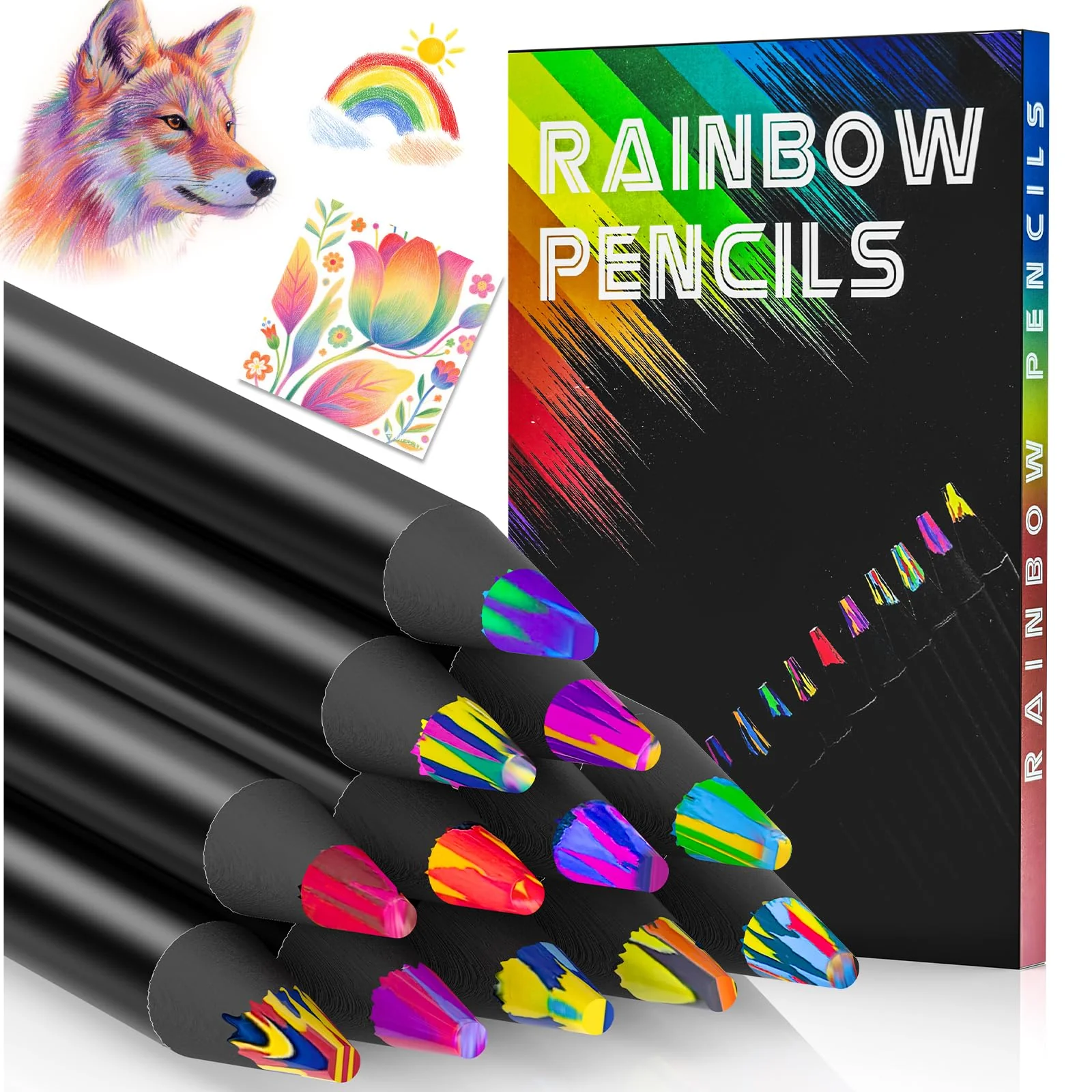 FeinKulturia Regenbogenstifte 12 Mehrfarbiger Buntstift Jumbo, Einschulung Mädchen, Stifte Kinder Erwachsene Geschenk für Zeichnen Künstlerbedarf Bastelset Mitgebsel Kindergeburtstag Schultüte Füllung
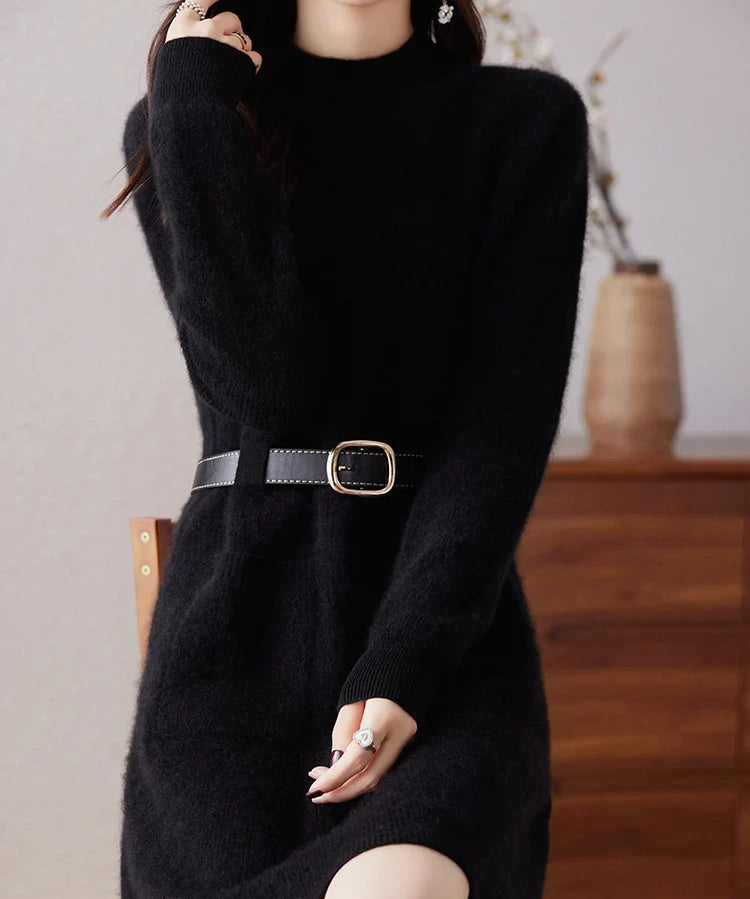 Edith | Women's Wool Cashmere Knit Dress with Half-Turtleneck and Pockets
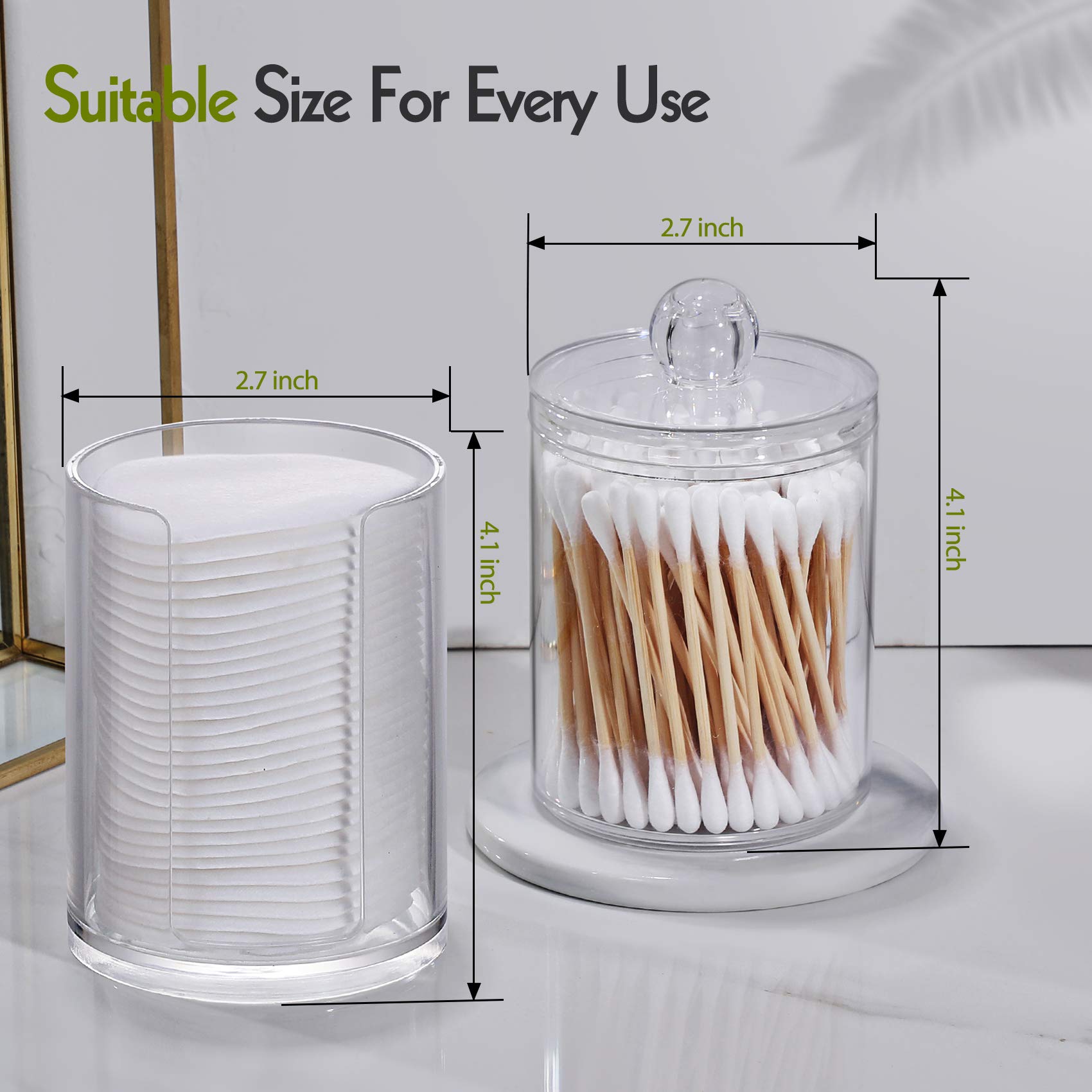 AOZITA 10 OZ Qtip Holder Dispenser for Cotton Ball, Cotton Swab, Cotton Round Pads, Floss - 4 Pcs Clear Plastic Apothecary Jar for Bathroom Canister Storage Organization, Vanity Makeup Organizer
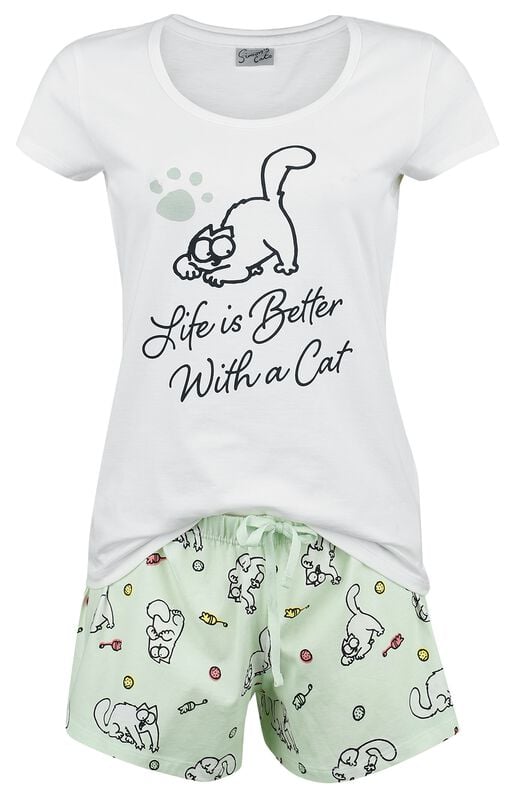 gothicana by emp "Life Is Better With A Cat" Pyjama multicolour by Simon' s Cat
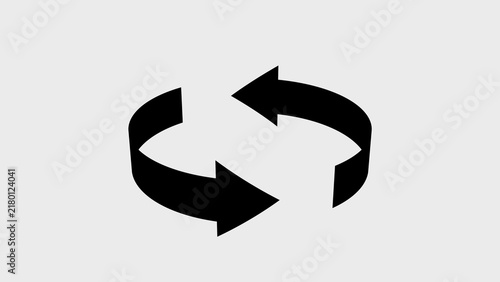 Fotografía A of two solid black arrows forming a continuous circular loop or cycle against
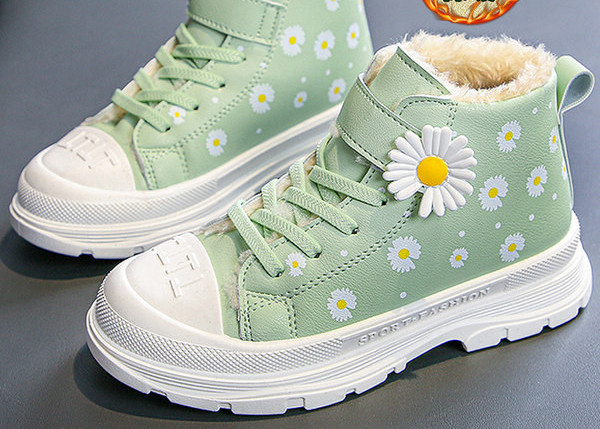 Adidași de iarnă pentru copii cu căptușeală moale și model floral pentru fete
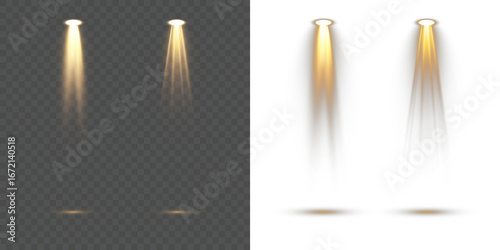 Realistic vector spotlight collection with isolated projector beams, glowing stage illumination, theater lights and bright concert effects on transparent background for show and event design.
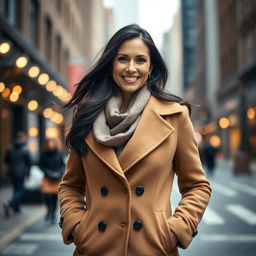 A beautiful 40-year-old woman confidently posing against a stylish urban background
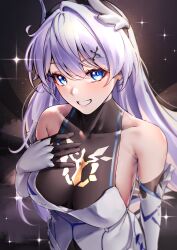 Rule 34 | 1girl, absurdres, bare shoulders, blue eyes, breasts, commentary request, dress, elbow gloves, gloves, grin, hair ornament, highres, honkai (series), honkai impact 3rd, kiana kaslana, large breasts, long hair, looking at viewer, pyeong-il pyeongil, sleeveless, sleeveless dress, smile, solo, upper body, very long hair, white dress, white gloves, white hair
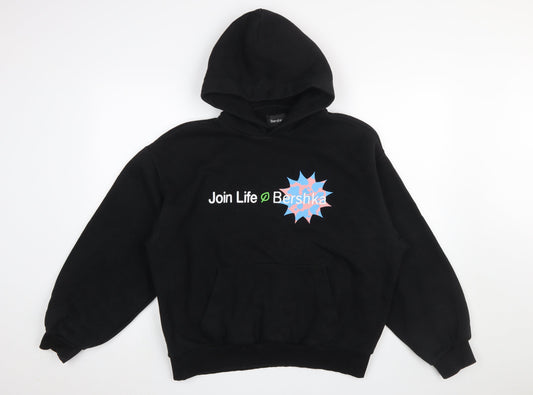Bershka Women Black Small Pullover Hoodie Join Life Graphic Cotton Blend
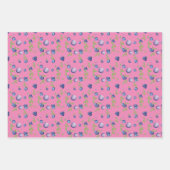 Bluberry geel roze groen patroon inpakpapier vel (Voorkant 3)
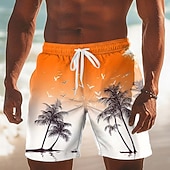 お買い得  熱帯植物と花-男性用 ココナッツの木 グラデーションカラー 熱帯植物 スイムトランク スイムショーツ ボードショーツ ミディアムウエスト ハワイアン ビーチでの休暇 サイドポケット メッシュライニング 伸縮性のあるドローストリングウエスト デザイナー 衣類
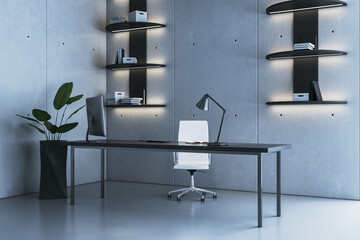 Modern minimalist corporate office interior with sleek desk, chair, computer, and shelves on concrete wall with ambient lighting concept. 3D Rendering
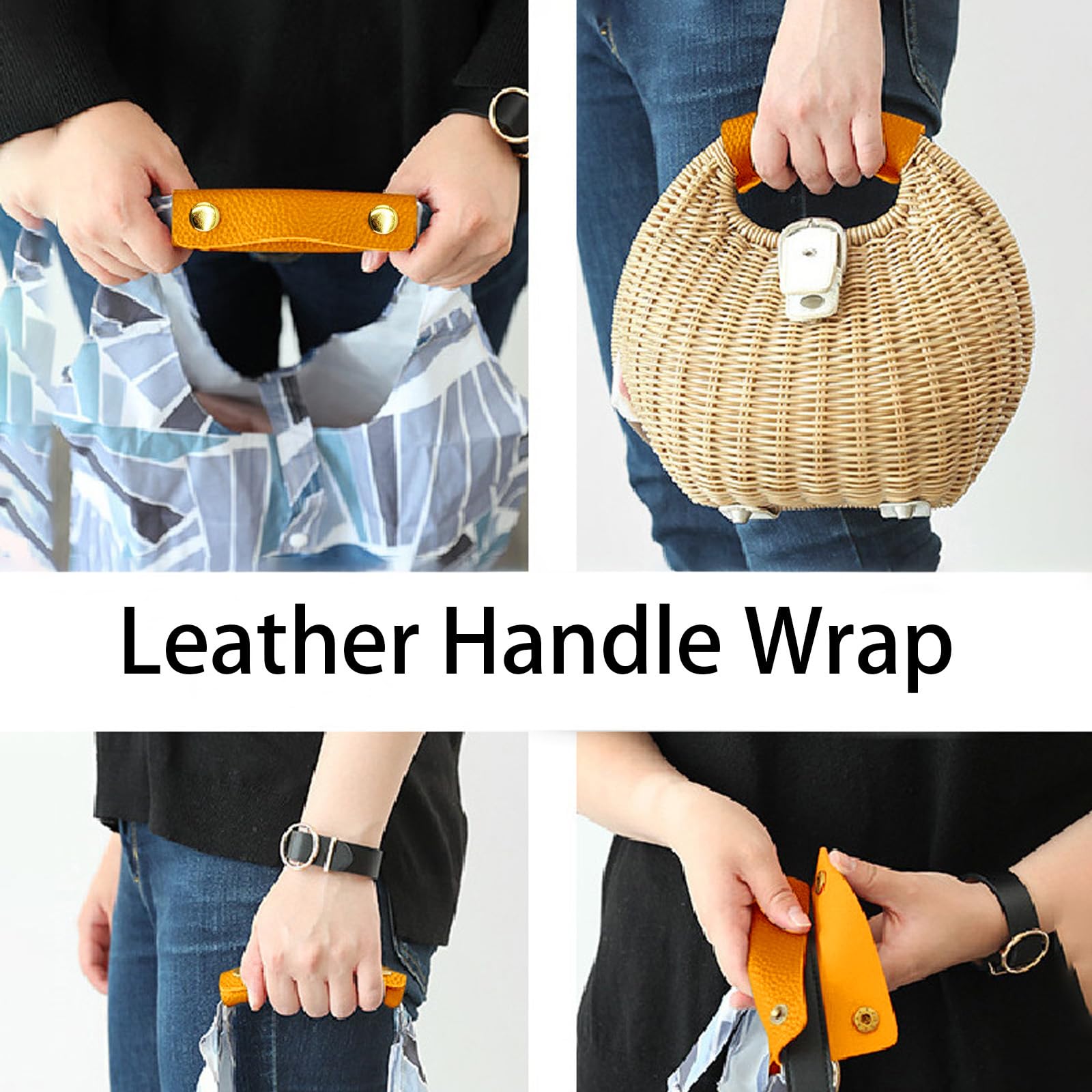 PU Leather Luggage Handle Wraps - Travel Bag Handle Cover & Wallet Protector with Brass Clasps (Orange, 2Pcs) - Perfect for Suitcases, Handbags & Backpacks to Prevent Wear & Tear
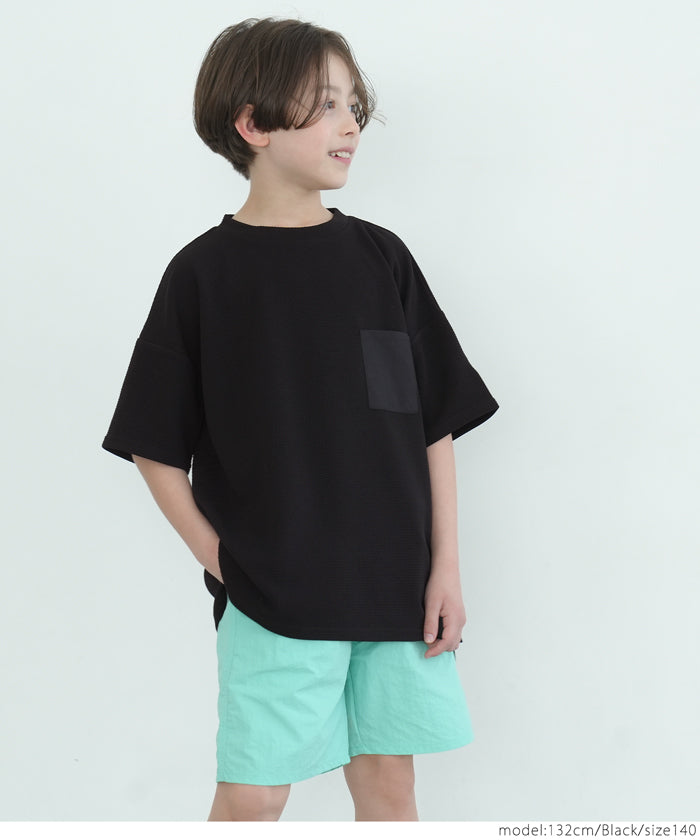 キッズ 100-140 トップス エンボス ワイドシルエット ポケット Tシャツ 無地 半袖 男の子 キッズオリジナル 子供服 メール便可 coca コカ FB25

Task statement
Each line above should be set down exactly as written, with pictures excluded.

Response to the exercise
 FeinKulturia Regenbogenstifte 12 Mehrfarbiger Buntstift Jumbo, Einschulung Mädchen, Stifte Kinder Erwachsene Geschenk für Zeichnen Künstlerbedarf Bastelset Mitgebsel Kindergeburtstag Schultüte Füllung
 Edith | Women's Wool Cashmere Knit Dress with Half-Turtleneck and Pockets
 AOZITA 10 OZ Qtip Holder Dispenser for Cotton Ball, Cotton Swab, Cotton Round Pads, Floss - 4 Pcs Clear Plastic Apothecary Jar for Bathroom Canister Storage Organization, Vanity Makeup Organizer
 gothicana by emp "Life Is Better With A Cat" Pyjama multicolour by Simon' s Cat
 Fotografía A of two solid black arrows forming a continuous circular loop or cycle against
 Adidași de iarnă pentru copii cu căptușeală moale și model floral pentru fete
 Realistic vector spotlight collection with isolated projector beams, glowing stage illumination, theater lights and bright concert effects on transparent background for show and event design.
 A beautiful 40-year-old woman confidently posing against a stylish urban background
 Rule 34 | 1girl, absurdres, bare shoulders, blue eyes, breasts, commentary request, dress, elbow gloves, gloves, grin, hair ornament, highres, honkai (series), honkai impact 3rd, kiana kaslana, large breasts, long hair, looking at viewer, pyeong-il pyeongil, sleeveless, sleeveless dress, smile, solo, upper body, very long hair, white dress, white gloves, white hair
Bershka Women Black Small Pullover Hoodie Join Life Graphic Cotton Blend
 Bluberry geel roze groen patroon inpakpapier vel (Voorkant 3)
 お買い得  熱帯植物と花-男性用 ココナッツの木 グラデーションカラー 熱帯植物 スイムトランク スイムショーツ ボードショーツ ミディアムウエスト ハワイアン ビーチでの休暇 サイドポケット メッシュライニング 伸縮性のあるドローストリングウエスト デザイナー 衣類
 Modern minimalist corporate office interior with sleek desk, chair, computer, and shelves on concrete wall with ambient lighting concept. 3D Rendering
 PU Leather Luggage Handle Wraps - Travel Bag Handle Cover & Wallet Protector with Brass Clasps (Orange, 2Pcs) - Perfect for Suitcases, Handbags & Backpacks to Prevent Wear & Tear
 キッズ 100-140 トップス エンボス ワイドシルエット ポケット Tシャツ 無地 半袖 男の子 キッズオリジナル 子供服 メール便可 coca コカ FB25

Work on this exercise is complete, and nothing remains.